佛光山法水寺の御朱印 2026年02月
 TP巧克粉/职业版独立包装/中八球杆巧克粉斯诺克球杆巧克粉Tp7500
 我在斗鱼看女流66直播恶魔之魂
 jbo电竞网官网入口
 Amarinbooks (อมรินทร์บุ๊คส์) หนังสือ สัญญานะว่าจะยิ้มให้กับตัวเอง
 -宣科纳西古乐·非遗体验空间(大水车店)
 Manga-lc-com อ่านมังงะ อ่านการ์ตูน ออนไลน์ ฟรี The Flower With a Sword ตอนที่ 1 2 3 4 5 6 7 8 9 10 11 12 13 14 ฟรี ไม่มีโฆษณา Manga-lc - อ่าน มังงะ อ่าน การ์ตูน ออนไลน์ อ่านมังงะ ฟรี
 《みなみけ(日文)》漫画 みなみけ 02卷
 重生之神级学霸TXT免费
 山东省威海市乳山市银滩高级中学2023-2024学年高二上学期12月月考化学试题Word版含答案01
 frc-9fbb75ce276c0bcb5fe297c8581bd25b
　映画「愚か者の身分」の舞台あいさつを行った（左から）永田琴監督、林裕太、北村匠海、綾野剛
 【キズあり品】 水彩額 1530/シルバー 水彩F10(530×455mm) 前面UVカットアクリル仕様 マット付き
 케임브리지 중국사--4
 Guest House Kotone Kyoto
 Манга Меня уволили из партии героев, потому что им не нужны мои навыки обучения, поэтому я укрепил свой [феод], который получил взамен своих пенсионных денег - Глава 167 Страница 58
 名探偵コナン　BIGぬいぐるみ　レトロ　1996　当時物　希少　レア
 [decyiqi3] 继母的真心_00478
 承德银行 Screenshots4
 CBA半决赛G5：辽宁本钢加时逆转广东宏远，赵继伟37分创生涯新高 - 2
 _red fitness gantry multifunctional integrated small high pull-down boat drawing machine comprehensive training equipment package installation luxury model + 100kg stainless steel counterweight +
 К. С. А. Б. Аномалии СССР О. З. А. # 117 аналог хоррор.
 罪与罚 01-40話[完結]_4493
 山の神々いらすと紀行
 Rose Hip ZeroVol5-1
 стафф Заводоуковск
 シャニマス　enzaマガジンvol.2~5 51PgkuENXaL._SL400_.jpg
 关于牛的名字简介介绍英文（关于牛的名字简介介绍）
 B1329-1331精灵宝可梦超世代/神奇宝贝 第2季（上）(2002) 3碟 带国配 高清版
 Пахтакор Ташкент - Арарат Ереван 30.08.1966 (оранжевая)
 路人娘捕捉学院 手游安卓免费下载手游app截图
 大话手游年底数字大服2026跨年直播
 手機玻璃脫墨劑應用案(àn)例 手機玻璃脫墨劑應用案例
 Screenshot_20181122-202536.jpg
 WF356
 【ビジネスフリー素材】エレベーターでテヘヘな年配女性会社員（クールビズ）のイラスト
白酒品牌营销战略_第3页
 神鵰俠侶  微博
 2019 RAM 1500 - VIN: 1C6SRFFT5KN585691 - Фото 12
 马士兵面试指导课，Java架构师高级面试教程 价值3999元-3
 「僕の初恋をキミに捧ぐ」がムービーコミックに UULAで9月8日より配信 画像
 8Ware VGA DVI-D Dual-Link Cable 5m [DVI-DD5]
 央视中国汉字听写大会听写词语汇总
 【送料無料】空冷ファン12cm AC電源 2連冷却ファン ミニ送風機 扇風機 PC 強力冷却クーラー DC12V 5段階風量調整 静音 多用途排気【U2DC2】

What this task involves >>
For this task, write out exactly the lines of the entries above, starting at the line with "水彩F10(530×455mm) 前面UVカットアクリル仕様 マット付き" and ending at the line with "Манга Меня уволили", both included, and no others.

The answer >>
 【キズあり品】 水彩額 1530/シルバー 水彩F10(530×455mm) 前面UVカットアクリル仕様 マット付き
 케임브리지 중국사--4
 Guest House Kotone Kyoto
 Манга Меня уволили из партии героев, потому что им не нужны мои навыки обучения, поэтому я укрепил свой [феод], который получил взамен своих пенсионных денег - Глава 167 Страница 58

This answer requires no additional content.